Better Homes and Gardens, which has already licensed its name to products ranging from home decor to computer software, is extending its brand to real-estate agents.
Brand Identity
AdAge photo illustration, photo by Seth Joel
Under a long-term contract with Realogy Corp., which owns Century 21 and Coldwell Banker, a residential-real-estate franchise system called Better Homes and Gardens Real Estate will arrive on the scene next July.

It's the rare licensing deal that both embodies the brand and extends it not only beyond the page but beyond retail aisles, too. Of course, these grand plans don't always work out, so Better Homes will have to keep a close eye on the execution -- or risk damaging its brand.

If all goes well, Better Homes will receive ad revenue in addition to licensing fees, because the deal commits Realogy to spend a certain amount advertising the real-estate franchise in the magazine and other assets within parent Meredith.

"But well beyond just that, it provides circulation opportunities and database opportunities with homeowners and buyers coming through," said Andy Sareyan, president of Better Homes and Gardens. "It's yet another way for the Better Homes brand to reach out across the country in a positive manner."

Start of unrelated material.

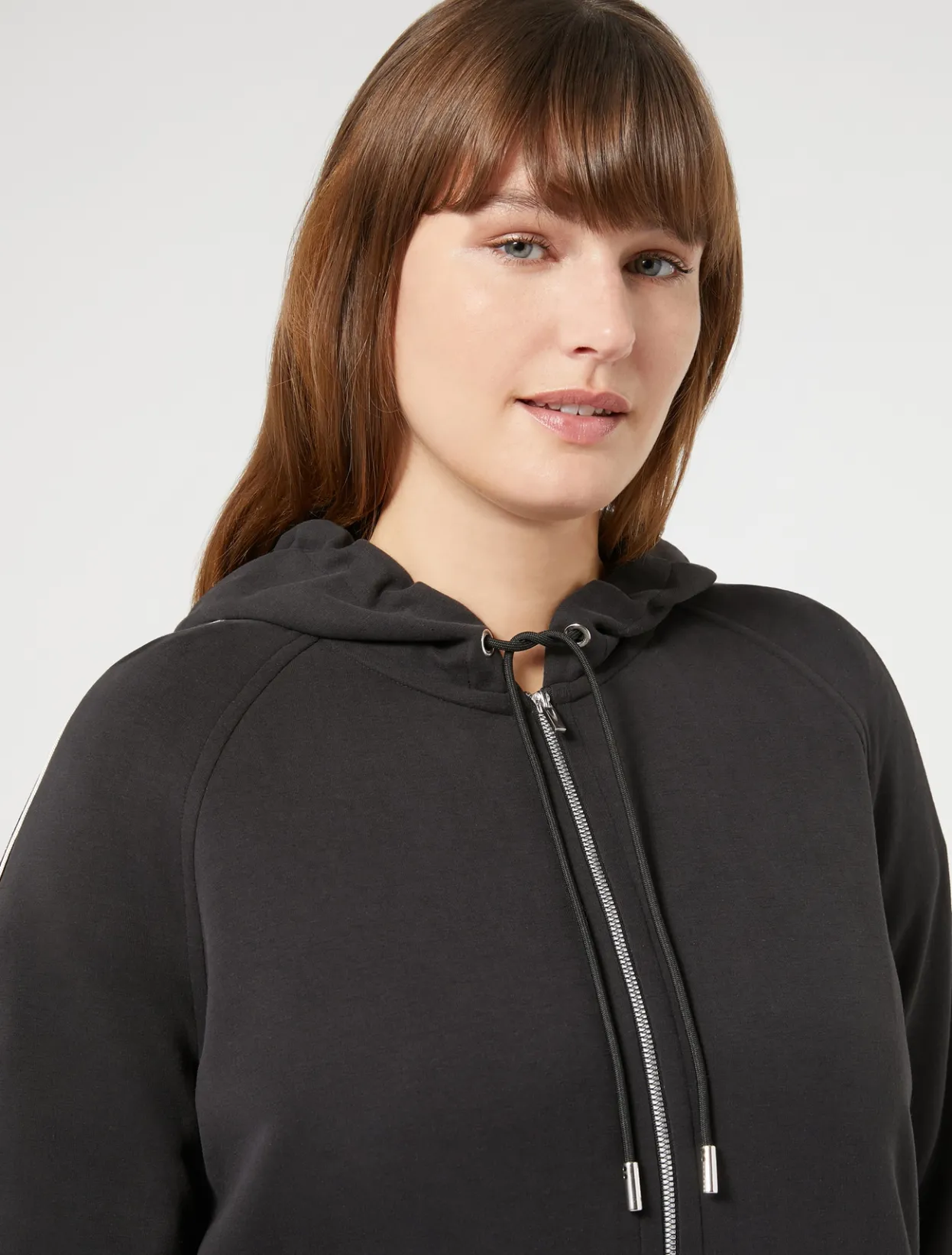 Jacket & Blazers | Jacket & Blazers | Marina Rinaldi Interlock jersey sweatshirt BLACK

David Melançon, president-CEO of the branding shop Ito Partnership, thinks the deal is brilliant -- at least for Realogy. "They're taking a well-known brand and using it in a way that could be really effective to them," he said. Thinking of the Better Homes brand as it applies to a house, Mr. Melançon said, "I get the impression of a middle American, warm, not-too-expensive but really nice home."

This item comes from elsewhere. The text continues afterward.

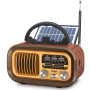 Poste Radio Vintage, PRUNUS J-150 AM/FM/SW Radio Portable Rechargeable avec Batterie 1200mAh et Piles D, Transistor Radio Blueto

"The concern I would have," he added, "is on the Better Homes end."

Control
Martha Stewart Living Omnimedia has licensed the Martha Stewart name to houses sold by KB Homes -- but Mr. Melançon noted that Ms. Stewart and her team sign off on the homes, maintaining a degree of control over what appears to the consumer to be a product by MSLO. "It's about being on brand for Martha," Mr. Melançon said. "But it's easier to control the design of housing than it is to control Realtors. If I'm Better Homes and Gardens, I would want to be very careful about which Realtors are out there holding a card with my name on it."
Andy Sareyan, president of Better Homes and Gardens
Andy Sareyan, president of Better Homes and Gardens

Better Homes used to have that kind of control, when its brand was attached to a real-estate service that it owned and operated itself. But Meredith sold that business in 1998 to GMAC, which promptly renamed it. Now Better Homes is back in the game partly because its licensee already has experience with third-party brands like Sotheby's, whose Realogy-owned real-estate business has 400 offices worldwide including more than 275 in the U.S.

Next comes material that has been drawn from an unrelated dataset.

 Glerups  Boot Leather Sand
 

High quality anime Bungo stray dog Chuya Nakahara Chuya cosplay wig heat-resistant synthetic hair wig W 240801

After 85 years of publishing a monthly home-and-garden magazine, the Better Homes brand is well known, and is generally seen as stable, trusted, warm and consistent. As long as the people who align with Better Homes and Gardens Real Estate fit within the parameters of what people expect from a BH&G product, the concept is "extraordinarily interesting," said Robert Passikoff, president of Brand Keys.

Meeting expectations
"Trends come and go but the fact is they have a very stable brand, a well-respected brand," he said. "This is really the franchising of a brand into an area where there is a very high likelihood of customer engagement. From the brand perspective, it comes in with the best baggage you can carry: very high expectations.

"Disengagement and disloyalty," he added, "come from a brand, product or service being unable to meet or exceed the expectations."

There are no guarantees in life, said Richard A. Smith, vice chairman-president at Realogy. "It'll never be perfect because all these agents out there are independent contractors," he said. "But we're all joined at the hip and have a vested interest in the brand."

Correction: Meredith sold its real estate business to GMAC in 1998, not 2003 as originally reported.